__TO DO__.
After locating the line that contains "秋水伊人气质名媛中长款毛呢外套女甜美花边拼接翻领大衣 黑色", transcribe exactly that line and each one after it until the data ends, skipping pictures.

__DATA BELOW__.
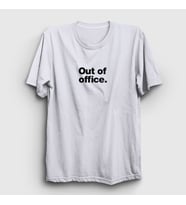 Presmono Unisex Beyaz Out Of Office Ofis Beyaz Yaka T-Shirt 466330tt (Beyaz)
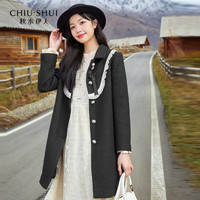 秋水伊人气质名媛中长款毛呢外套女甜美花边拼接翻领大衣 黑色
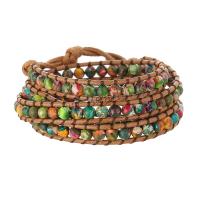 Gemstone Bracelets, Impression Jasper, with Wax Cord & 304 Stainless Steel, Round, fashion jewelry & multilayer & Unisex, mixed colors, Length:Approx 51 cm, Sold By PC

__EXPECTED ANSWER__.
 秋水伊人气质名媛中长款毛呢外套女甜美花边拼接翻领大衣 黑色
 Gemstone Bracelets, Impression Jasper, with Wax Cord & 304 Stainless Steel, Round, fashion jewelry & multilayer & Unisex, mixed colors, Length:Approx 51 cm, Sold By PC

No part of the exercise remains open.